Izumi: *semi-literally explodes* I AGREED TO COME TO THIS STUPID THING, BUT I DID NOT AGREE TO BE MOCKED LIKE THIS!
James: You're not being mocked.
Arakawa: It's a very intellectual question... about your cup-size.
Izumi: TO HELL WITH ALL OF YOU! *drops down a hole in the ground*
[bulls follow her into said hole]
James: That's what you get, rebel scum.
Me: Eddie! We can't be beaten like this!
Ed: You're right! We have to do it for Al!
[POWER DUO!]
Me: Will you marry me?
Ed: No.
[POWER DUO WITH AWKWARD HISTORY!]
Hawkeye: *shoots crocodiles off Armstrong's and Mustang's heads* We only have two questions left, guys. Let's try to get this.
Mustang: I doubt the score will change, and we're winning due to some bizarre penalty.
James: (sings) It's a nice day for a... white wedding.
Me: It's raining outside.
Arakawa: There's a show I want to watch, so let's get a move on.
James: (sings) It's a nice day for a... white wedding. ...Poo. ^w^
Mustang: Wait, Armstrong's head is missing.
James: MOVING ON WITH THE QUESTIONS! What is L's real name?
Me: *bzzt* L Lawliet!
James: ...No.
Me: But I-
James: No!
Me: Yes, sir.
Ed: *pat pat*
Armstrong: *unresponsive*
Winry: Final question with the scores on zero and negative one.
James: Raise your hands if you think Winry should wear a bikini.
…
Ed & Mustang: *raise hands*
Winry: *wanders off, growling to herself*
James: POINTS FOR EVERYONE!
Hawkeye: How many?
James: ZERO!
Me: Yay!
James: Okay, that wasn't the question.
[dramatic music]
James: Is a zebra white with black stripes or black with white stripes?
Me: *snipe*snipe*
Mustang & Hawkeye: *die*
Me: *bzzt* White with black stripes.
Ed: Was killing them necessary?
James: Correct, but you're disqualified for killing your opponents.
Me: *twitch*twitch*
Ed: Way to go! *smack*
Arakawa: So, team blue wins!
James: With zero points and zero members.
Havoc: Actually, I'm still alive down here.

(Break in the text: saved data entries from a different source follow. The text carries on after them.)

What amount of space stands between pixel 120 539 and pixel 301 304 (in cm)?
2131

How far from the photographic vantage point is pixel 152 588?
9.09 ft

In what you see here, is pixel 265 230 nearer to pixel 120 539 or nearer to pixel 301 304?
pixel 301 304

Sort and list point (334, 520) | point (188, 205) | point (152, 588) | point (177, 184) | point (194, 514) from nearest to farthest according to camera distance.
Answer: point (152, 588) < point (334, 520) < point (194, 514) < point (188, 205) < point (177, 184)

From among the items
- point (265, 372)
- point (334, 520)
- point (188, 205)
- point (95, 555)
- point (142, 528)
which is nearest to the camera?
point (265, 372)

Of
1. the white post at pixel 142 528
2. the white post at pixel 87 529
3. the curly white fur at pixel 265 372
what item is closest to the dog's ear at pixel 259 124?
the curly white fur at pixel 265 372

[water flushes down the hole, and the hole closes]
James: For now...
Winry: *enters in towel* I couldn't find the bikini. Only two pieces of clear plastic.
James: That is the bikini.
Winry: …
Ed: *nosebleed*
Me: I'm outta here.
Arakawa: YOU'RE DIRTYING MY DAUGHTER!
James: Well, we'll see you next time!
Me: Maybe a little more that we'd like to.
James: Giggedy-giggedy-goo!
Me: I think we need to talk about your problems, James. Your many... many problems.